M. Roland Courteau. Très bien !
M. Jean-Louis Carrère. J’espère que vous pourrez répondre à cette demande. (Applaudissements sur les travées du groupe socialiste, ainsi que sur certaines travées du RDSE.)
M. le président. La parole est à Mme Dominique Voynet.
Mme Dominique Voynet. Monsieur le président, monsieur le ministre, mesdames, messieurs, c’est en vérité un exercice complexe que de tenter d’évaluer la crédibilité et la solidité du présent budget, qui est le troisième de l’État.
Au fond, on ne sait pas quelles sont ses priorités et à quelles demandes il répond : s’agit-il de garantir la sécurité du territoire national et de nos concitoyens ? D’assurer la protection des intérêts de la France ? De consolider l’industrie de la défense, qui, après avoir beaucoup exporté, est aujourd’hui en difficulté ? Que ce soit au nom de l’amitié ou de l’emploi, cette dernière préoccupation existe chez certains.
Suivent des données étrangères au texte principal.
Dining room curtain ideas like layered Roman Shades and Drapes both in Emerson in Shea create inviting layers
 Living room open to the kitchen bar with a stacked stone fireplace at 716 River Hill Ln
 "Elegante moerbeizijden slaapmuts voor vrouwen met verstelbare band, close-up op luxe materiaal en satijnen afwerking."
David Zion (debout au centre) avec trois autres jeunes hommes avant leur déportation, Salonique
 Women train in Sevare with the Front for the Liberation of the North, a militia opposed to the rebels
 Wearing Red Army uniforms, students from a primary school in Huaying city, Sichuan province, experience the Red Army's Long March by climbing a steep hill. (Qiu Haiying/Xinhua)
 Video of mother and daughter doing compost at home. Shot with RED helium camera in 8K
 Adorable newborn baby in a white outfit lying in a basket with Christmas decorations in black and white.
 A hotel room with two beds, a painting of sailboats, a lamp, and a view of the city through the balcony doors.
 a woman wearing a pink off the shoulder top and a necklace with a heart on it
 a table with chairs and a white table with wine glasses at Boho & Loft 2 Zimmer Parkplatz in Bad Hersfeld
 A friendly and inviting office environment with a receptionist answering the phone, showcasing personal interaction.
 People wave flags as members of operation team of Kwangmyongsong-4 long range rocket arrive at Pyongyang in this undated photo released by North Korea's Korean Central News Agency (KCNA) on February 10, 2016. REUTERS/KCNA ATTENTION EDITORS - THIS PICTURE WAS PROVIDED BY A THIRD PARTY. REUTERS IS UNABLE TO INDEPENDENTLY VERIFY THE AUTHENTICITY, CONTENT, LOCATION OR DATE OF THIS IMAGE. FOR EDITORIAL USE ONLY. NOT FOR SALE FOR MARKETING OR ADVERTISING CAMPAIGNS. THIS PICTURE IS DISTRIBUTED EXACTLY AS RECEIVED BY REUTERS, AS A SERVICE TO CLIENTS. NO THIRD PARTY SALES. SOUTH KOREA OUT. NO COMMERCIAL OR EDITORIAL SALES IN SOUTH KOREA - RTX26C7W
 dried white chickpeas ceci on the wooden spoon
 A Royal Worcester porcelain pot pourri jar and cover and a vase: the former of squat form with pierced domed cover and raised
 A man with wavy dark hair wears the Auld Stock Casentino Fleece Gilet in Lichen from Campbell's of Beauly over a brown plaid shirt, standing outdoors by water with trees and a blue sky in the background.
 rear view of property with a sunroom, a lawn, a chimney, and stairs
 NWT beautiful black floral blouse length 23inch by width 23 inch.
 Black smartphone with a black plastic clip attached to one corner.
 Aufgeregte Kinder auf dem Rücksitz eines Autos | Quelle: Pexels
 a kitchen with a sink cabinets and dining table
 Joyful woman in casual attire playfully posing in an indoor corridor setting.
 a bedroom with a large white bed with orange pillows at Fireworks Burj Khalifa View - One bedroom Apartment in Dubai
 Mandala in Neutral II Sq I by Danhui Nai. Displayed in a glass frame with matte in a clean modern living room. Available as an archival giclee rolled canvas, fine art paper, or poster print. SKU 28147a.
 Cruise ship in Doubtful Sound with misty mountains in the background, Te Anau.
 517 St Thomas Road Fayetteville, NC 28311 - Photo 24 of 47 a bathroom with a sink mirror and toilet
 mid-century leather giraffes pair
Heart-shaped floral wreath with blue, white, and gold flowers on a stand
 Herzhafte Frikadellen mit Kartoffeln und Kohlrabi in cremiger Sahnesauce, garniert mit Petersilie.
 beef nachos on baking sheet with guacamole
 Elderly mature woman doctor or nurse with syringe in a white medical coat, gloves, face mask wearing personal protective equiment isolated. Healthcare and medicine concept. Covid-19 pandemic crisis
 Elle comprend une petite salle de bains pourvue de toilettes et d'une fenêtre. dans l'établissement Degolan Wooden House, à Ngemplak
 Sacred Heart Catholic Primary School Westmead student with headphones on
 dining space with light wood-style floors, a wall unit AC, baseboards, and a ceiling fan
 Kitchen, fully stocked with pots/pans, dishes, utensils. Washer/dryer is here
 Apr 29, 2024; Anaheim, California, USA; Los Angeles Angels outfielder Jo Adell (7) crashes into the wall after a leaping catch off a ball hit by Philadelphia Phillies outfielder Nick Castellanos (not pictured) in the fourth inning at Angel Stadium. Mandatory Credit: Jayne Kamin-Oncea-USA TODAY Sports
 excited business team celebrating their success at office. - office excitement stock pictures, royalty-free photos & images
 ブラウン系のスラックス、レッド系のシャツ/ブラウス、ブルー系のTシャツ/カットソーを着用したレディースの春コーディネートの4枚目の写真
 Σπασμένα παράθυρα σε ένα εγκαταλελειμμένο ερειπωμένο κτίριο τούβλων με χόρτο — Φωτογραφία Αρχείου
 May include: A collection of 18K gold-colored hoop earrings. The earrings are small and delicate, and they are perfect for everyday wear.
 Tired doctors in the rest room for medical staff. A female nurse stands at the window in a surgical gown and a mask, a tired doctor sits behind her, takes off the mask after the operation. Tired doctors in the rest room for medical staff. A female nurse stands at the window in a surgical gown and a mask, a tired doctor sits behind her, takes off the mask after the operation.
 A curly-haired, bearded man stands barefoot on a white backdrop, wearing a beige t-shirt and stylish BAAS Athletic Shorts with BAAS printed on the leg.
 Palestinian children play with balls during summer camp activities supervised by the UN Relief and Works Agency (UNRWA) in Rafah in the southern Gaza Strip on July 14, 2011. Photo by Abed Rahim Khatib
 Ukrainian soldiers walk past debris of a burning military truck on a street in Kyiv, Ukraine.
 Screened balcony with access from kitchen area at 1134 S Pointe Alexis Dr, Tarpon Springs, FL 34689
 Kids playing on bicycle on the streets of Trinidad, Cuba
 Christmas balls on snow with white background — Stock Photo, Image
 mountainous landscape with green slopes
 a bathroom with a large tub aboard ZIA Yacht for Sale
À dire vrai, on a l’impression d’avoir changé de planète en quelques semaines, et pas seulement de ministre. Le Livre blanc à peine digéré, la loi de programmation militaire à peine votée – loi que ce budget a bien entendu théoriquement vocation à respecter –, des décisions lourdes ont été prises, qui changent totalement la donne.
Le moins que l’on puisse dire, c’est que le débat sur ces questions a été réduit à la portion congrue. Après le changement de pied historique opéré par le Président de la République à propos de l’OTAN, changement qui fut décidé en conclave restreint, bien avant d’être discuté ici pour la beauté de l’argumentation, le ralliement de la France au concept de bouclier antimissile constitue à son tour une remise en cause profonde des notions qui ont fondé jusqu’ici la politique de sécurité et de défense de la France, mettant à mal au passage, une fois de plus, notre relation privilégiée avec l’Allemagne. Quant à l’Europe de la défense, n’en parlons plus !
La décision est déjà prise ; elle l’a été au sommet de Lisbonne. Dans ces conditions, à quoi bon maintenir le débat d’orientation sur la défense antimissile qui doit théoriquement se tenir le 9 décembre au Sénat ?
La décision a donc été prise, disais-je, à l’issue d’un marathon fébrile. Il a en effet fallu convaincre de la pertinence d’une « complémentarité » entre la dissuasion nucléaire et le bouclier antimissile et mettre en échec la stratégie de ces États européens, dont l’Allemagne, qui, prenant au mot le discours de Barack Obama à Prague, ont tenté de traduire en un engagement concret, évidemment graduel et progressif, ce rêve d’une dénucléarisation de l’Europe, vingt ans après la fin de la guerre froide.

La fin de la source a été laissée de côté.